- **WHAT THE TASK REQUIRES**
Everything from the line that has "Beach Side Village Familiar - Hostel" to the last line of the listing must be repeated exactly, and nothing more; omit the pictures.

- **GIVEN INFORMATION**

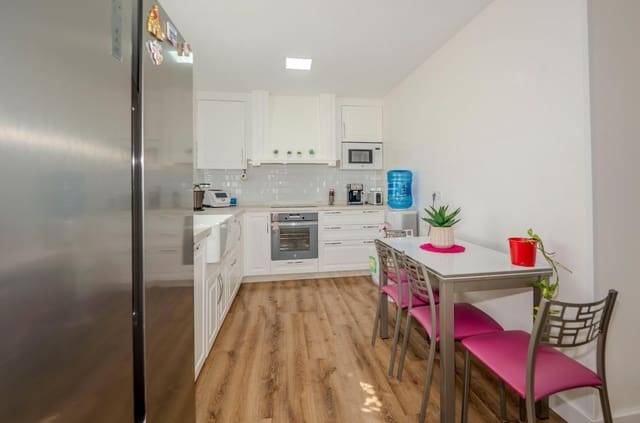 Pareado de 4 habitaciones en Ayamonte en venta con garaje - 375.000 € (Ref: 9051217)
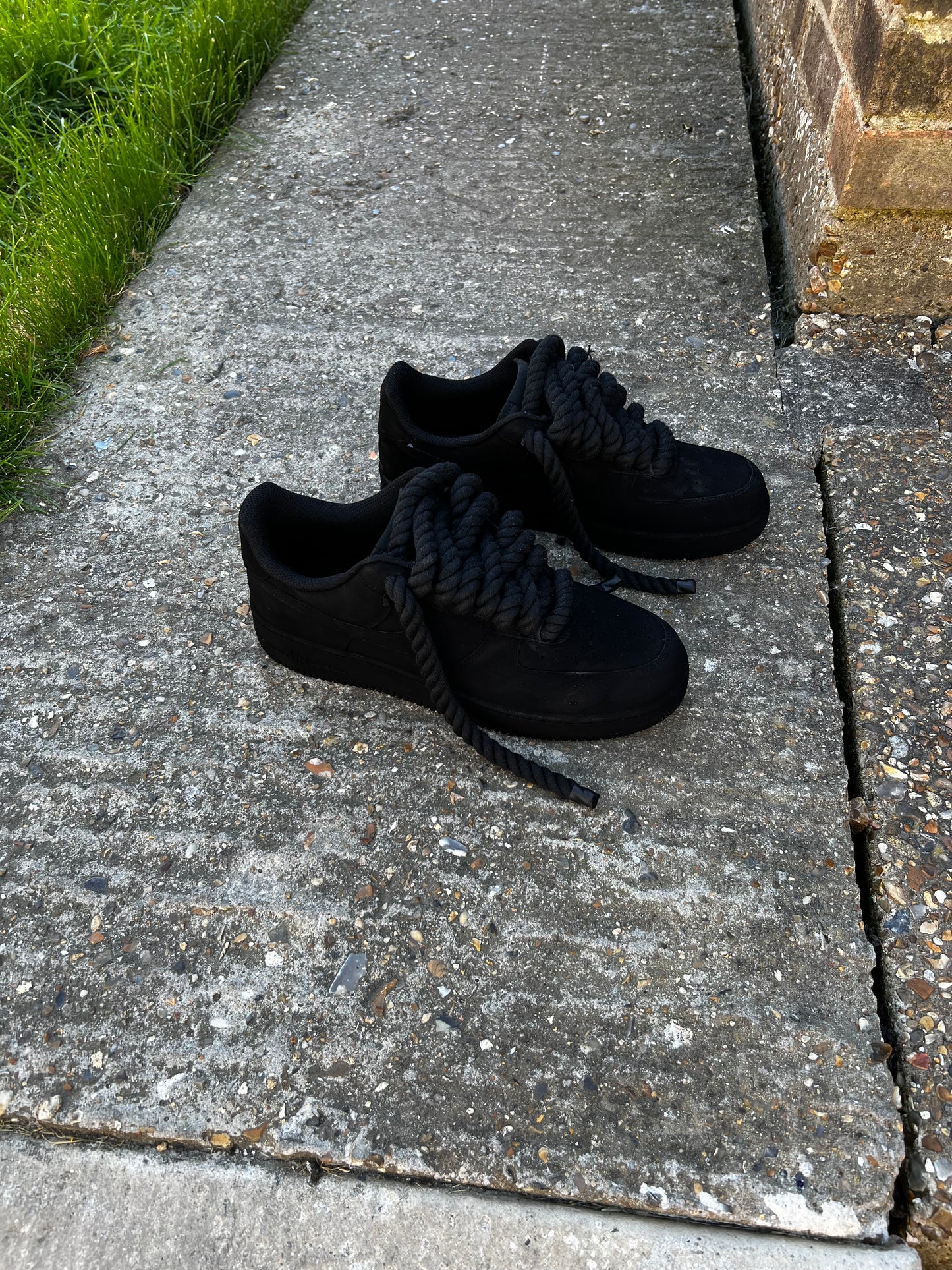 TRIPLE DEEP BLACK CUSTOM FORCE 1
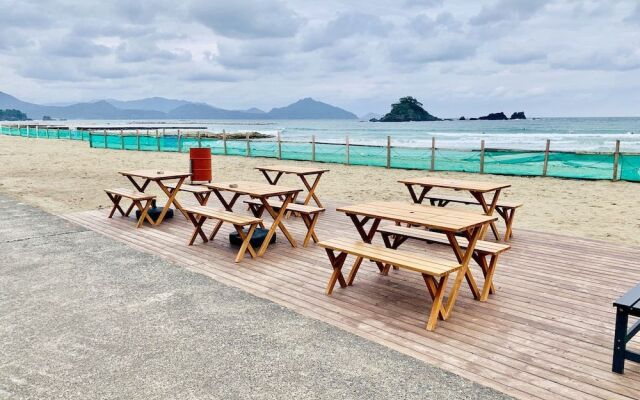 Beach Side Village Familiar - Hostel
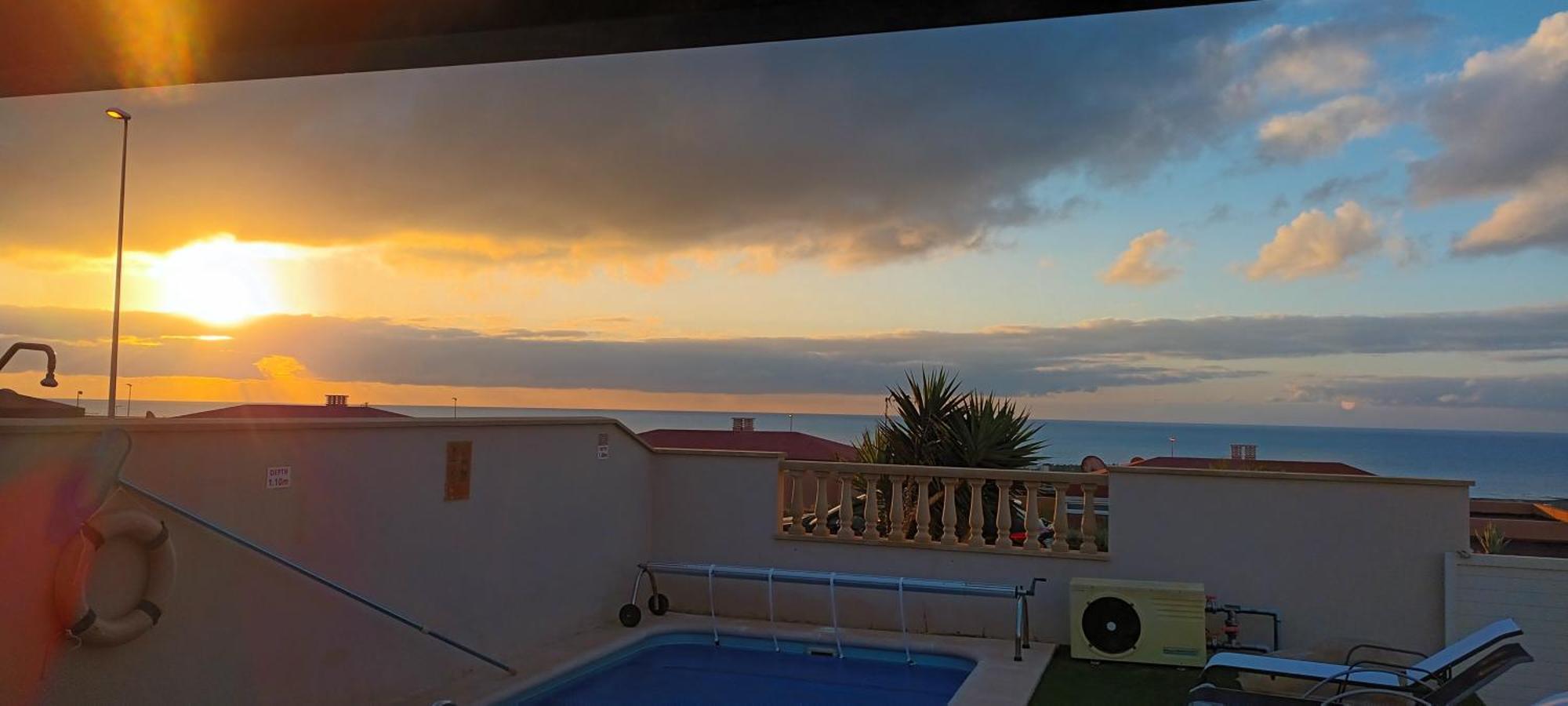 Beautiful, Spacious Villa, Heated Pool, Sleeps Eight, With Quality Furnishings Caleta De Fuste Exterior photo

- **TASK ANSWER**
 Beach Side Village Familiar - Hostel
 Beautiful, Spacious Villa, Heated Pool, Sleeps Eight, With Quality Furnishings Caleta De Fuste Exterior photo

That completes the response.